• **Data extract**:
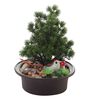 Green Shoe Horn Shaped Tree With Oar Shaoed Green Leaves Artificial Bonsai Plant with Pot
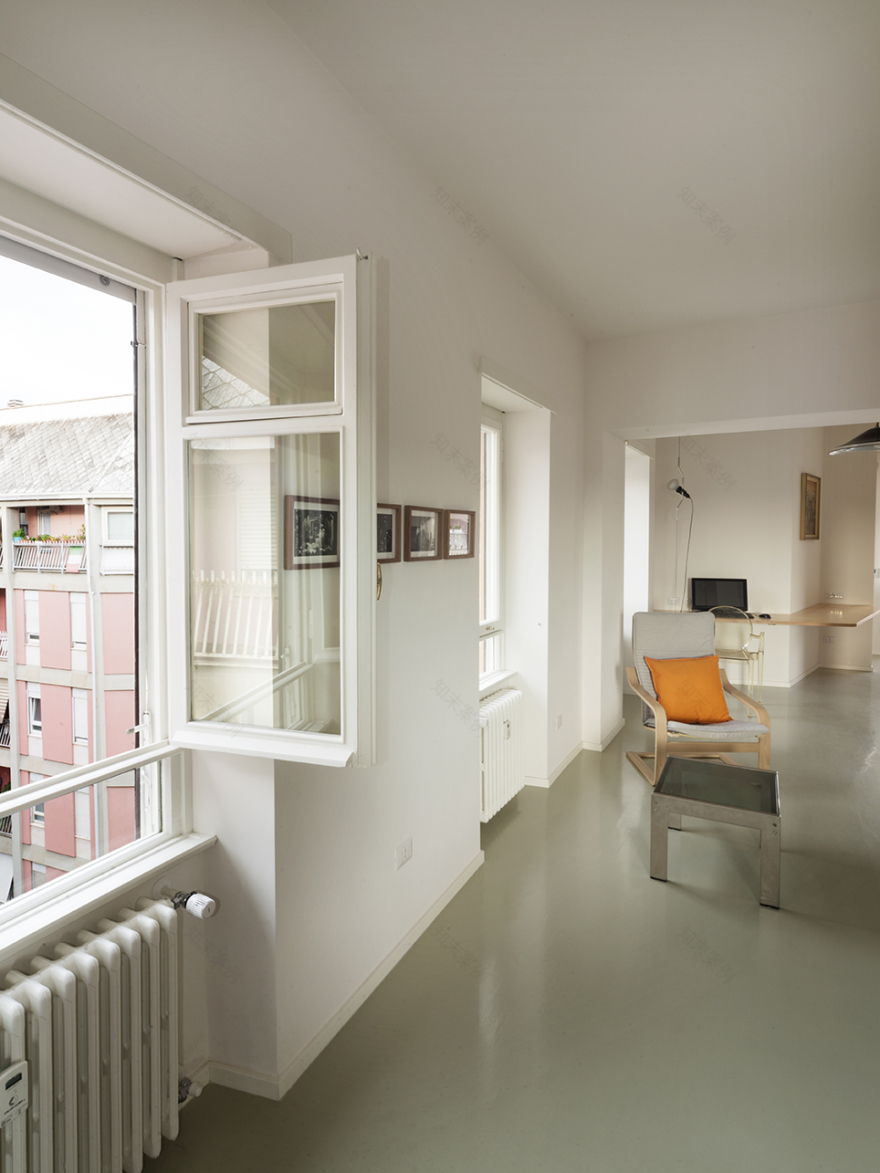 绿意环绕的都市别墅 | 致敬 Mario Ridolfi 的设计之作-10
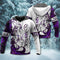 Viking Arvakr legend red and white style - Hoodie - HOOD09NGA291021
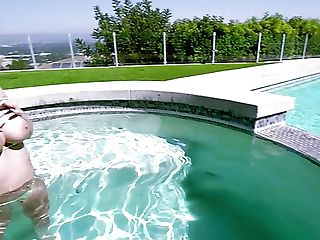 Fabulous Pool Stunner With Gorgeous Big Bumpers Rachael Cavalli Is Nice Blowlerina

• **Task details**:
Reproduce the whole of the data, word for word, and omit its pictures.

• **Solved exercise**:
 Green Shoe Horn Shaped Tree With Oar Shaoed Green Leaves Artificial Bonsai Plant with Pot
 绿意环绕的都市别墅 | 致敬 Mario Ridolfi 的设计之作-10
 Viking Arvakr legend red and white style - Hoodie - HOOD09NGA291021
 Fabulous Pool Stunner With Gorgeous Big Bumpers Rachael Cavalli Is Nice Blowlerina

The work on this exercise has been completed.